## [What is being asked]
Retype word for word the line containing "2020 Land Rover" and each line that follows it in the records below, through the last one, with no pictures.

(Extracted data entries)
---
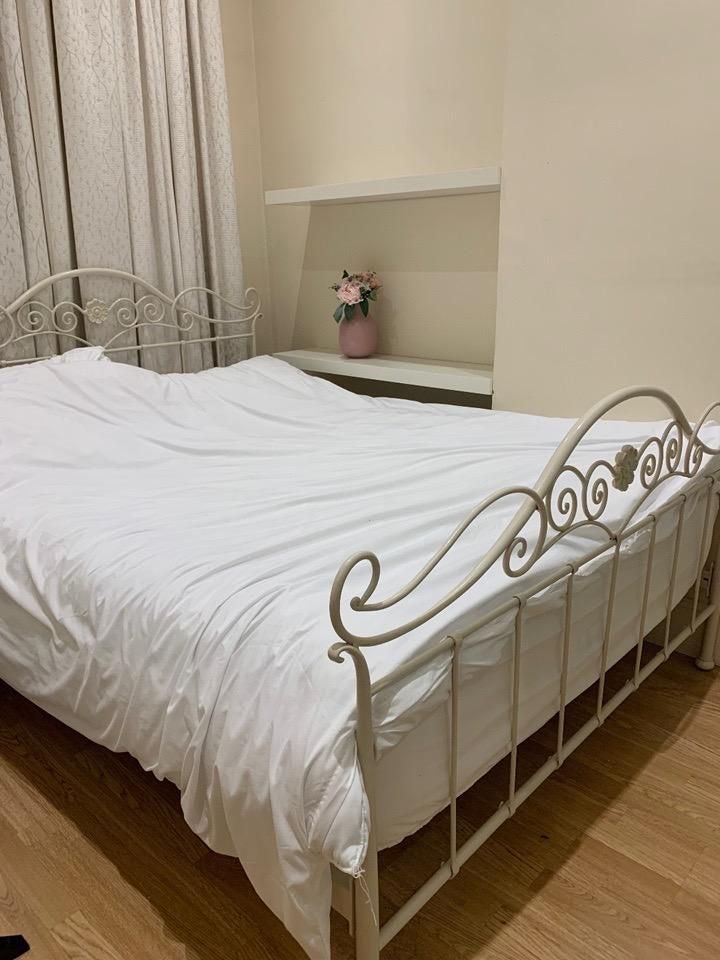 Flat Craven Terrace in City of Westminster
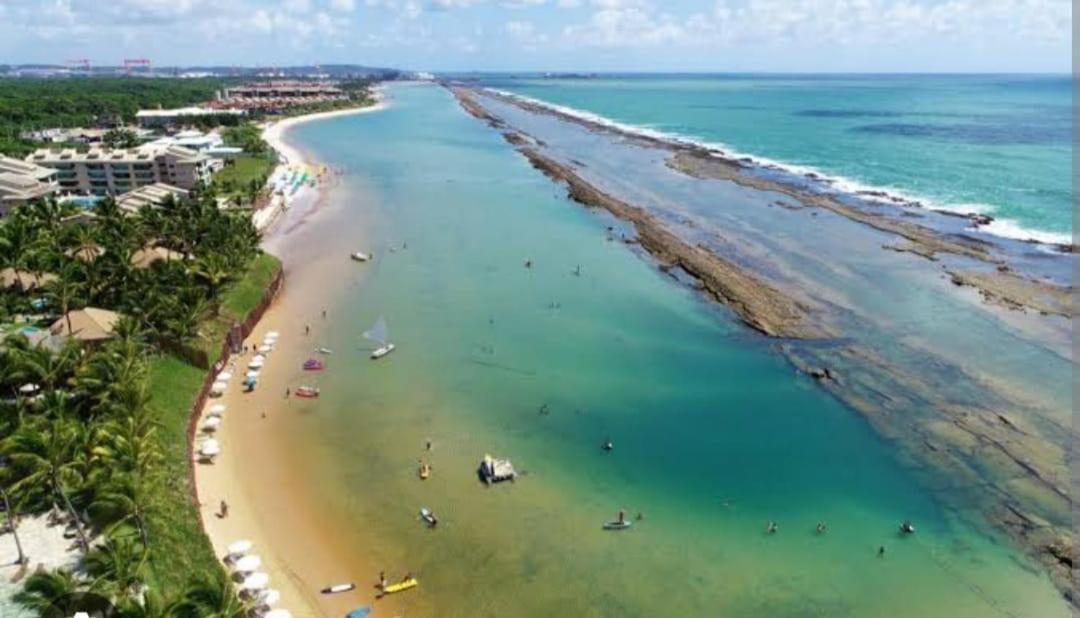 Mana Beach Pôrto das Galinhas Esterno foto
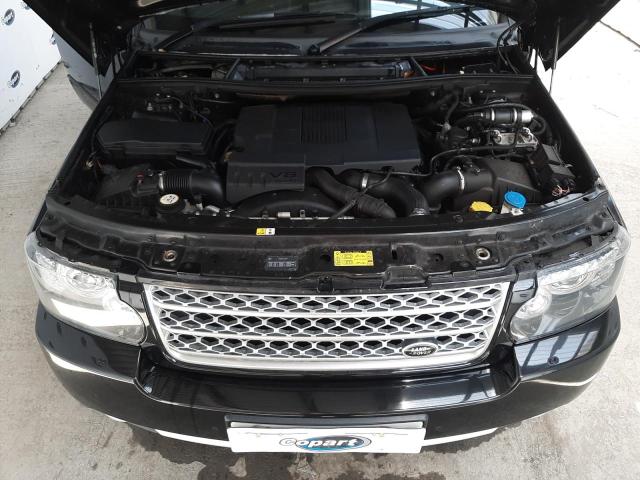 2012 LAND ROVER RANGE ROVE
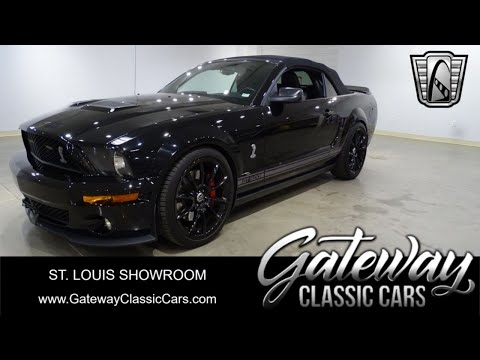 2007 Ford Mustang (CC-1969310) for sale in O'Fallon, Illinois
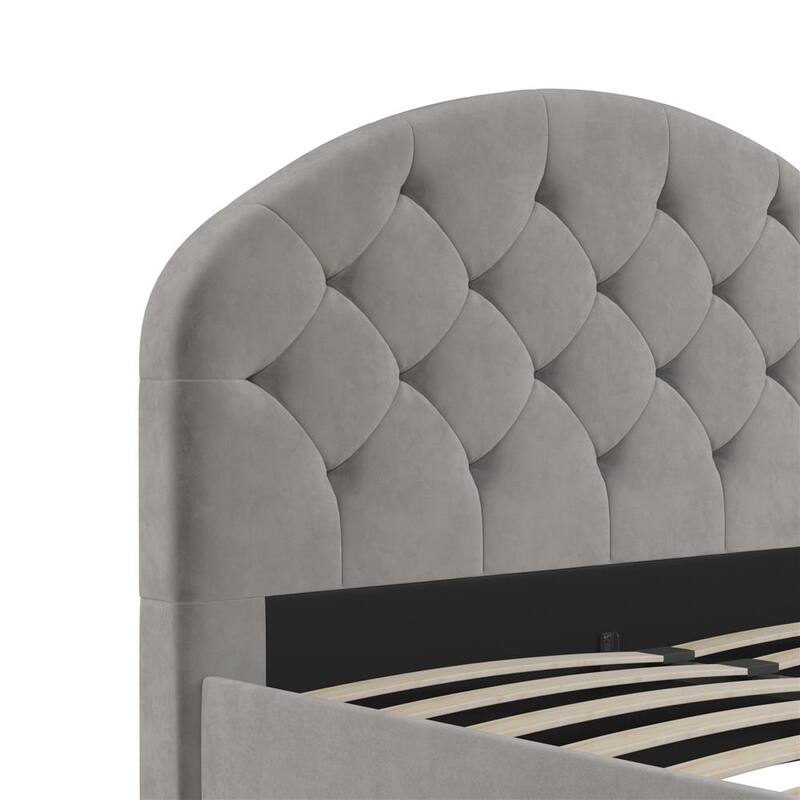 Avenue Greene Carson Upholstered Bed
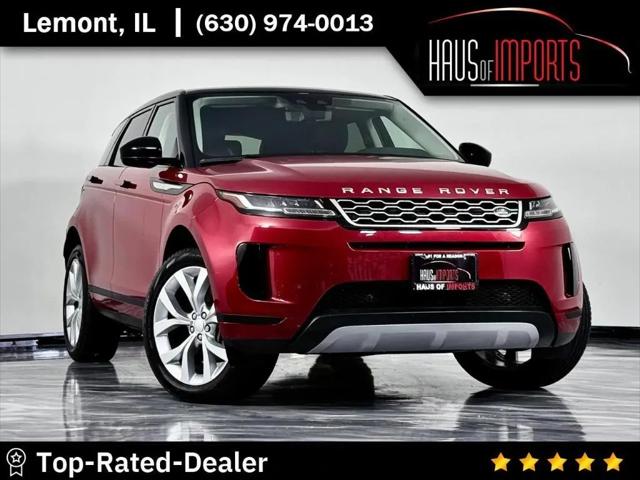2020 Land Rover Range Rover Evoque S for sale in Lemont, IL
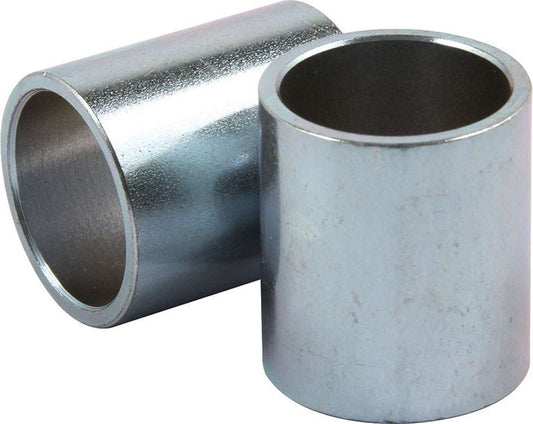 Reducer Bushing - 3/4 in OD to 5/8 in ID - Steel - Zinc Plated - Set of 10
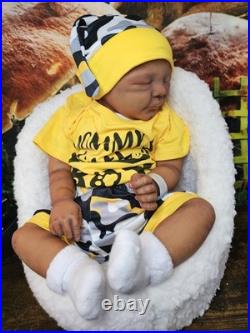 Beautifully Handcrafted Reborn Doll 21 Dallas! Great For All Enthusiasts. Gift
---
## [Response area]
2020 Land Rover Range Rover Evoque S for sale in Lemont, IL
 Reducer Bushing - 3/4 in OD to 5/8 in ID - Steel - Zinc Plated - Set of 10
 Beautifully Handcrafted Reborn Doll 21 Dallas! Great For All Enthusiasts. Gift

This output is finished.